The consultant revealed that while it supports the regulator's proposed principles to regulate the expected changes to government rules on long-term funding strategies for pension schemes, key additions are needed for both approaches.
While XPS understands the use of a fast track approach and TPR's proposals - laid out in its consultation closing today (2 September) - it said the approach should have a transition period for mature schemes to allow them to benefit from the advantages of the fast track approach from the outset.
These advantages include lower fees and increased regulatory efficiency.
The consultant's response to TPR's consultation also noted that a different approach may be needed for how the watchdog will assess schemes using the ‘bespoke' route. It suggested that current proposals "link the assessment of bespoke approaches too closely to fast track, potentially denying true flexibility".

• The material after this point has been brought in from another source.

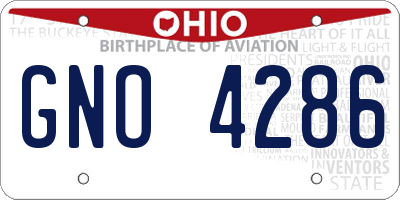 OH license plate GNO4286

XPS suggested the regulator should initially review bespoke valuations using only the work already done by trustees and employers to develop their statement of strategy. "While understanding risk is a crucial part of this statement, we do not think that risk should have to be assessed relative to the fast track benchmark," the firm explained.
XPS senior consultant Stephanie Cole said: "The proposed framework will require schemes to be fully funded against a long-term objective by the time they are significantly mature. There are a number of schemes already at this point. Despite being prudently funded now, these schemes could see deficits increase by 50% under the new proposals (or even double at the top end of targets in the consultation)."
She added: "At the same time, such schemes may need to undertake substantive de-risking exercises to ensure compliance, potentially forcing them into selling assets at a time of market uncertainty. We think some schemes in this position, especially smaller schemes, should still have the option to take advantage of the benefits offered by the fast track approach.
"The best way to resolve this would be to introduce a minimum transition period of six years before schemes' funding targets must be set at the new long-term objective."
Cole continued: "We don't think trustees who follow a bespoke route should have to carry out a separate piece of work to reconcile all parts of their approach to the fast track standard. We believe this would add unnecessary cost and isn't appropriate given the wide range of potential bespoke approaches that could be appropriate."
A second consultation focused on the draft code itself is due later this year.